Cary Coglianese: That’s Chris Brummer, the Agnes N. Williams Research Professor at Georgetown University, taken from a lecture at the University of Pennsylvania Law School organized by the Penn Program on Regulation. I’m Cary Coglianese, the director of the Penn Program on Regulation and a professor at the University of Pennsylvania Law School. Welcome to our podcast, Race and Regulation. In this series, we are talking about the most fundamental responsibility of every society: ensuring equal justice, and dignity and respect, to all people.

We’re focused in particular on two key questions: How does law and regulation create or reinforce structural racism in society? And how might law and regulation advance the cause of racial equity? Advancing racial justice calls for all of us to understand better the racial dimensions of regulatory systems and institutions.

We’re glad you can join us as we hear from Professor Chris Brummer, one of the nation’s most creative and knowledgeable scholars in the field of financial regulation. His extensive scholarly work transcends the boundaries of academic disciplines, focusing on issues of financial regulation and technology and global finance. In the work he shares with us today, Professor Brummer looks at the lack of racial diversity in the leadership of financial regulators. 

Music: Joy Ike’s “Time”

In the fall of 2020, Professor Brummer released a widely cited Brookings working paper that raised a disconcerting question: Where are the Black regulatory leaders?

In his research, Professor Brummer looked at eight major federal financial regulatory agencies — from older agencies, such as the Federal Reserve and the Securities and Exchange Commission, to newer ones, such as the Commodity Futures Trading Commission and the National Credit Union Administration. He found that, out of more than 300 heads of federal financial regulatory bodies appointed by presidents since the creation of the Federal Reserve in 1913 through to the summer of 2020, only 10 of these agency leaders have been Black. That’s right. Just 10. Professor Brummer notes that this amounts to one African American appointed to head a federal financial regulator every 10 years. Overall, it is less than three percent of all presidentially appointed agency heads. By comparison, over this same time period, African Americans made up about four times as large a percentage of the overall U.S. population. This stark disparity raises troubling implications for the nation’s regulatory agencies and their policies.  As Professor Brummer explains, financial regulation affects everyone.

CB: When you don’t have Black people in the room, or Latinos in the room, or frankly any other aspect of life, racial and otherwise, it deprives agencies of the input and experience of those hailing from relevant areas. And when you talk about underrepresented minorities, particularly Blacks, Latinos, Native Americans, you’re talking about depriving them of a voice in terms of improving the system that has historically most failed them. And without a diversity of experience, regulatory priorities are most likely to be skewed or uninformed, and regulatory approaches can end up serving a narrow sliver of society.

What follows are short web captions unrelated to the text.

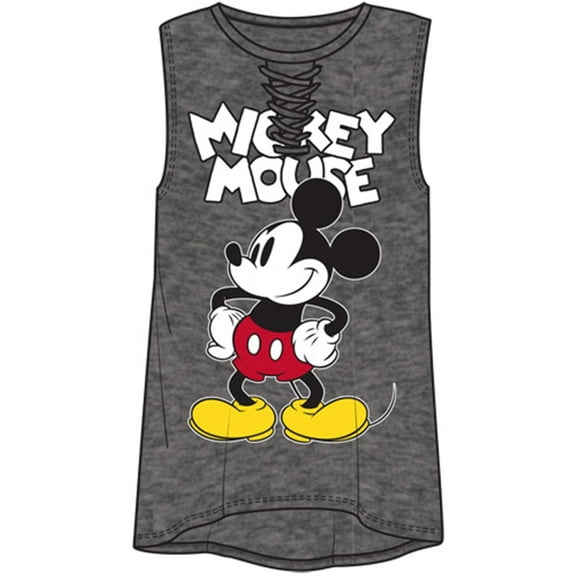 Disney Jr. Fashion Hi Lo Mickey Mouse SJ knit tank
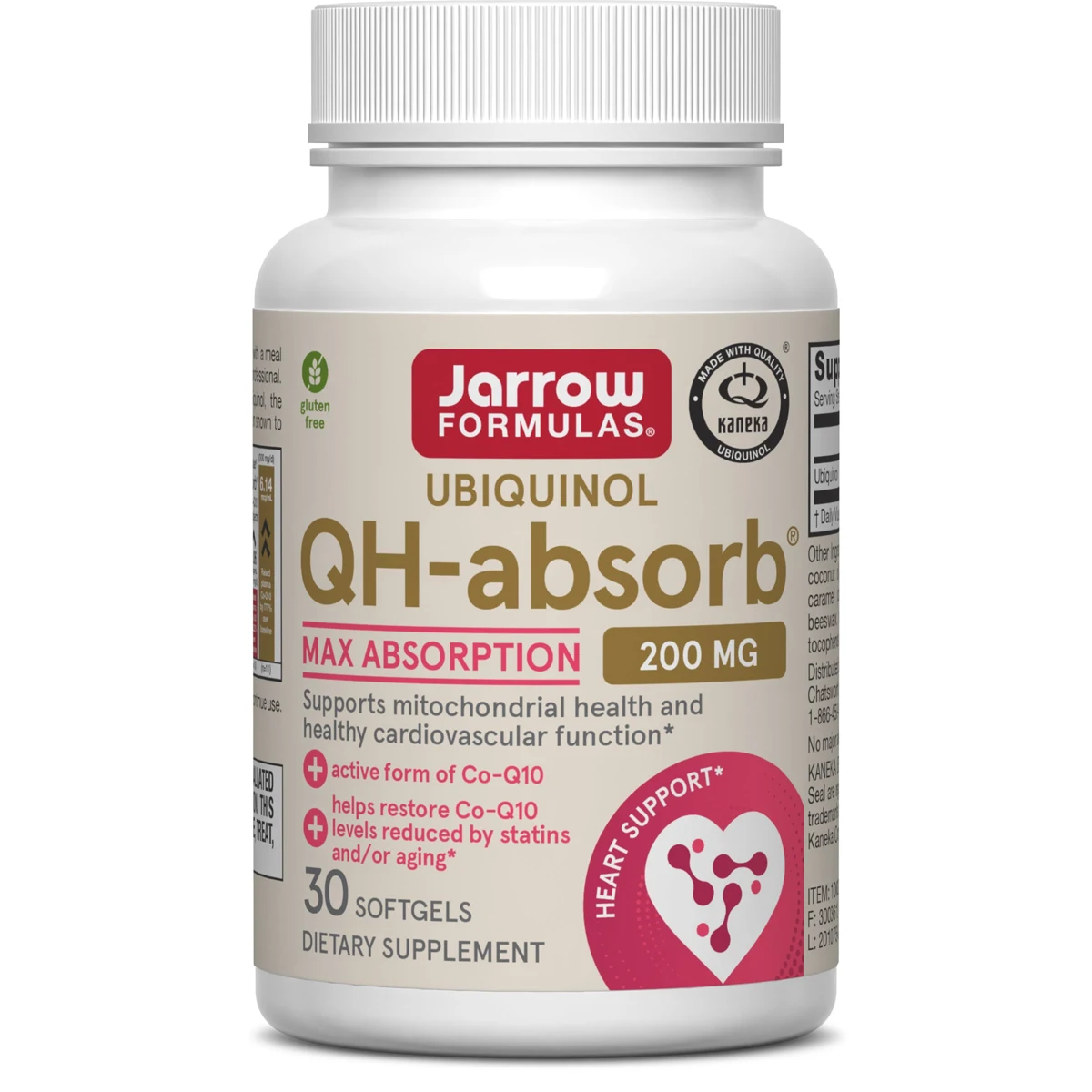Jarrow Formulas QH-absorb - 200mg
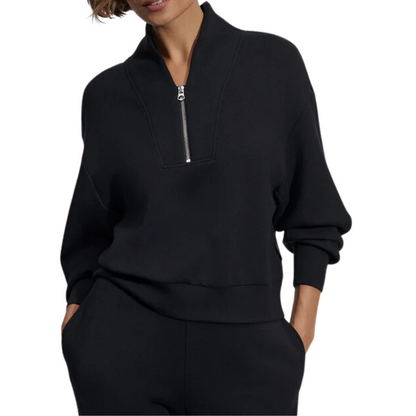 DAVIDSON SWEATSHIRT BLACK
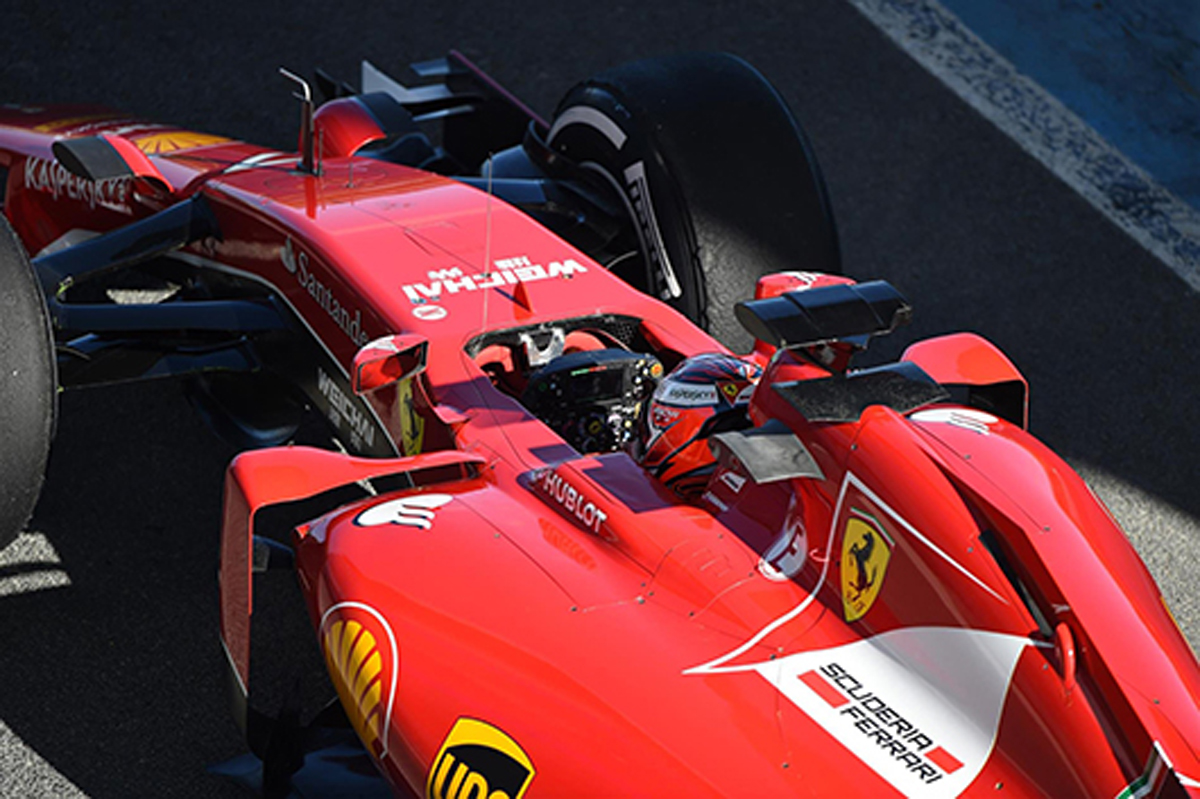 フェラーリ、SF15-Tに無反射塗料を採用？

Music: “The Room Where It Happens” from the musical, Hamilton

I wanted to look at who is in the room when it happens, to paraphrase the Hamilton musical. And I want to know who is actually crafting policy. And to do that, we looked at past appointees for that first question. We looked at everything from agency-maintained lists that all your regulatory agencies provide. We looked at background information by looking at everything from employer websites and LinkedIn. You will see that we go through political affiliation, and we went through obituaries, your CVs, your archives of political contributions, and the like, to get a sense as to the politics of the Black regulators. The list is really short, as you will see, so it wasn’t that much work. And then senior appointees and policy advisors were identified through, again, organizational charts and governmental web pages.

I want to again, stress, we were going for policy leadership. I want to know who gets to craft, from a leadership position, financial regulatory policy. And so, I excluded in my numbers people coming from IT, admin, minority affairs, the ombudsman, legislative affairs, communications, and even general councils. My research focused on those individuals who had to go through a confirmation process in order to be the leader or a political representative at a major financial regulatory agency. And by financial regulatory agency, I was looking at those that deal with capital markets. The Securities and Exchange Commission, or banking—so, the FDIC, the Federal Reserve, the Comptroller of the Currency, which is the national banking regulator, the derivatives regulator, like the CFTC. I wanted to focus on the people dealing with the money and to see who gets to devise the policy in that space and those individuals who emerged from a political process and those who were immediately hired by them. So, either the political appointee or their immediate deputies to get a sense also as to, once you get a political appointee, who are they hiring once they get into office?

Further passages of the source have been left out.